◆ **Task instructions**: From the first line to the last, print the data exactly as it appears.

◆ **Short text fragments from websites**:

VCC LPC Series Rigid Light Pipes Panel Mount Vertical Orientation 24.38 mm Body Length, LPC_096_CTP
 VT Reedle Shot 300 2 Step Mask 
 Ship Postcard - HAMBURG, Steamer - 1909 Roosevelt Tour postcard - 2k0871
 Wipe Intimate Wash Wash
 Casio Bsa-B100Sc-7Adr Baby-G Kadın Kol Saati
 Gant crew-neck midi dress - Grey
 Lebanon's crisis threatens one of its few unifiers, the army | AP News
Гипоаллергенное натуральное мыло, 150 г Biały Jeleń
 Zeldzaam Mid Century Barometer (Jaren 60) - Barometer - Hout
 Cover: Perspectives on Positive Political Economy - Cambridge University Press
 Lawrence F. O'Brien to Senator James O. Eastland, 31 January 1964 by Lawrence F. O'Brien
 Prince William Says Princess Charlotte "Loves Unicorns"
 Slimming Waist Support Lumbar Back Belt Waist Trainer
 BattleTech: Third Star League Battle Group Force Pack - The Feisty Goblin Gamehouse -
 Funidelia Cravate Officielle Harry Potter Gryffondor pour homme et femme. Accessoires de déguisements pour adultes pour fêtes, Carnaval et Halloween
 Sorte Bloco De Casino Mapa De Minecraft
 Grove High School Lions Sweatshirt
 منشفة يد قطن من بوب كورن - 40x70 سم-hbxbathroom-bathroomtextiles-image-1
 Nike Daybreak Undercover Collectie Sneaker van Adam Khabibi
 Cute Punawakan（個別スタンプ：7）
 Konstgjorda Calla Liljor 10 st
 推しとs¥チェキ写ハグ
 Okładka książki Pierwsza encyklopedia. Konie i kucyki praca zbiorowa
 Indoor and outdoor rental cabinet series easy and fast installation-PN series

◆ **Task result**:
VCC LPC Series Rigid Light Pipes Panel Mount Vertical Orientation 24.38 mm Body Length, LPC_096_CTP
 VT Reedle Shot 300 2 Step Mask 
 Ship Postcard - HAMBURG, Steamer - 1909 Roosevelt Tour postcard - 2k0871
 Wipe Intimate Wash Wash
 Casio Bsa-B100Sc-7Adr Baby-G Kadın Kol Saati
 Gant crew-neck midi dress - Grey
 Lebanon's crisis threatens one of its few unifiers, the army | AP News
Гипоаллергенное натуральное мыло, 150 г Biały Jeleń
 Zeldzaam Mid Century Barometer (Jaren 60) - Barometer - Hout
 Cover: Perspectives on Positive Political Economy - Cambridge University Press
 Lawrence F. O'Brien to Senator James O. Eastland, 31 January 1964 by Lawrence F. O'Brien
 Prince William Says Princess Charlotte "Loves Unicorns"
 Slimming Waist Support Lumbar Back Belt Waist Trainer
 BattleTech: Third Star League Battle Group Force Pack - The Feisty Goblin Gamehouse -
 Funidelia Cravate Officielle Harry Potter Gryffondor pour homme et femme. Accessoires de déguisements pour adultes pour fêtes, Carnaval et Halloween
 Sorte Bloco De Casino Mapa De Minecraft
 Grove High School Lions Sweatshirt
 منشفة يد قطن من بوب كورن - 40x70 سم-hbxbathroom-bathroomtextiles-image-1
 Nike Daybreak Undercover Collectie Sneaker van Adam Khabibi
 Cute Punawakan（個別スタンプ：7）
 Konstgjorda Calla Liljor 10 st
 推しとs¥チェキ写ハグ
 Okładka książki Pierwsza encyklopedia. Konie i kucyki praca zbiorowa
 Indoor and outdoor rental cabinet series easy and fast installation-PN series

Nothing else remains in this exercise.